There is a beach.
Let it be said that, as a general rule, I am not a fan of nature. “Roughing it” in my book involves a few hours with no electricity and take-out food. I don’t like bugs, my pale skin hates the sun, and I find feeling hot (or really cold) as a generally unpleasant experience. I am even less a fan of sports — save the Westminster Kennel Club and the Tour De France (pre-doping scandals).
Yet, there is a beach. It is at the point of Nantucket — Great Point is, in fact, its name.
When Fisherman first invited me to an October fishing expedition on the beaches of Nantucket, I laughed at the thought. Yet, in need of a vacation and wishing to seize upon the strange and sacred practice of “guy time”, I opted to go. Channeling my inner hunter, I stormed the surf — adorned in my leather punk biker jacket and LL Bean waterproof hiking boots.

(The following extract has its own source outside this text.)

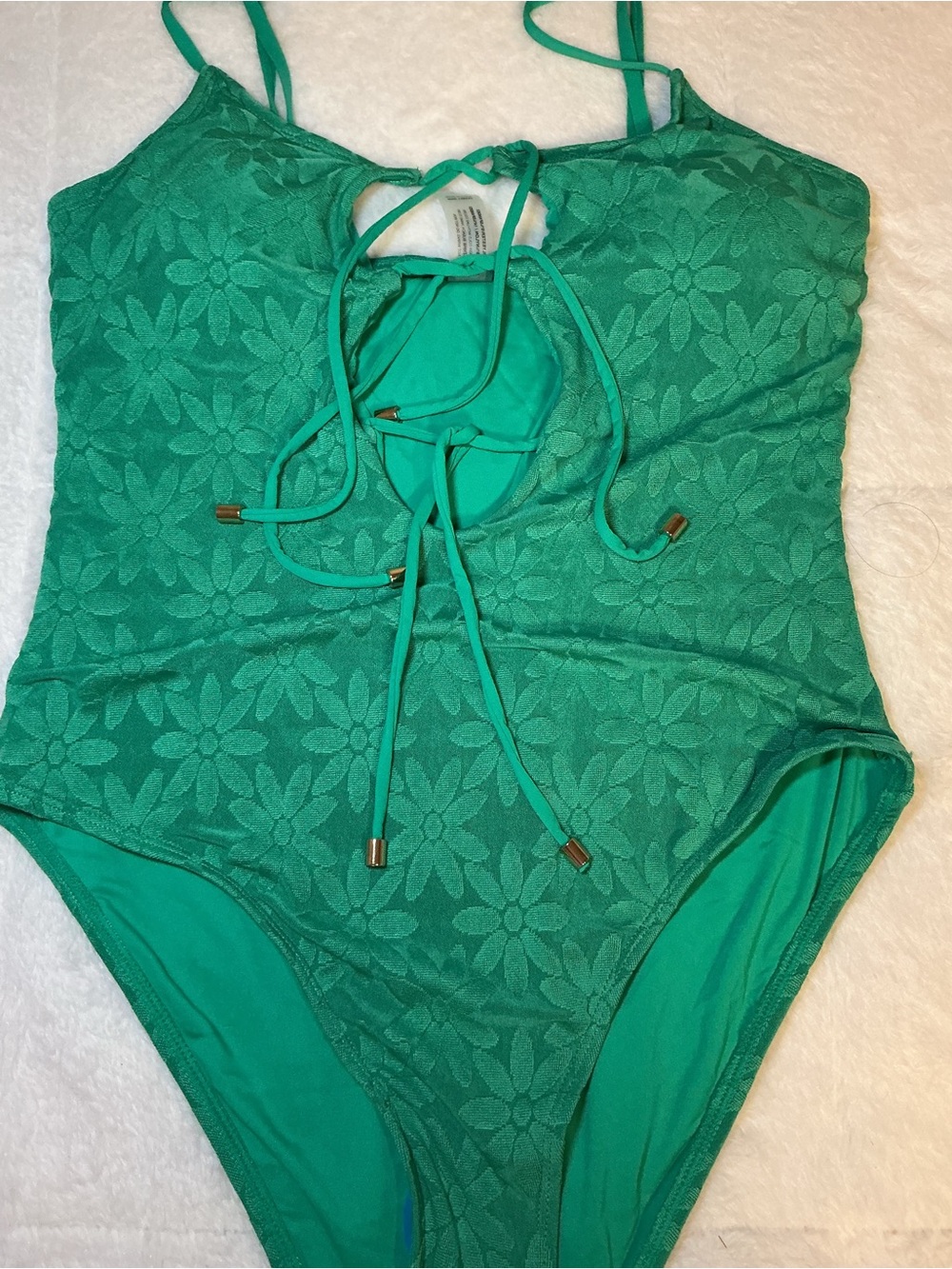 Green Floral Lace Tie-Front one piece bathing suit with skirt - Picture 5 of 11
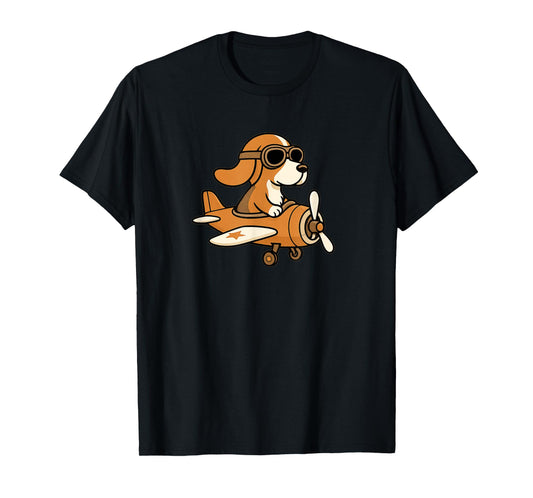 Beagle Flying a Plane Pilot Airplane - Funny Dog Mom Dad T-Shirt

One trip turned into two. A pair of leather waders and a well-worn finger jockey joined my closet. The time spent on that beach, and countless other locations on the island, quickly became a sanctuary I wished to return to regularly. Fishing was only the excuse — whether we caught anything or no (and what we caught we mostly threw back), the purpose of the trip became one of spiritual communion with a good friend and — yes — with the sky and the sand and the sea.
I found another person within me on those trips. Fisherman is one of a small number of my closest confidants — the “Executive Board of My Life”, if you will. We would wander through surreal imaginings together, rolling along in his jeep listening to music I never listened to at home. Grateful Dead, Phish, John Lennon — and let’s not forget Zappa. Most of the time was spent in giddy laughter, while other moments were in the quiet silence where true friendship and connection to the world often reside.
Fisherman and I have been through a lot together. When the agency I worked for needed strong leadership, Fisherman joined me in the fight. Both of us share a passion for representing the best of what it means to be men — and experienced the joy of becoming fathers with a great sense of pride in one another. When my journey took me to new career paths, Fisherman continued the fight we had started together.
Eventually, life handed opportunity to Fisherman and his family, and they decided to leave the mainland for life on the Island. Like Frodo on his way into the West, there was a feeling that a true dream was coming to pass.
There is a beach. And, off of the beach, life happens. My trips to Nantucket have been curtailed — first by my son’s birth, and then by his cancer. When the worst struck, Fisherman was ready to leap on the first plane he could to be by our side. In the darkest moments of this journey, his voice on the other line has been one to guide me, and keep me sane.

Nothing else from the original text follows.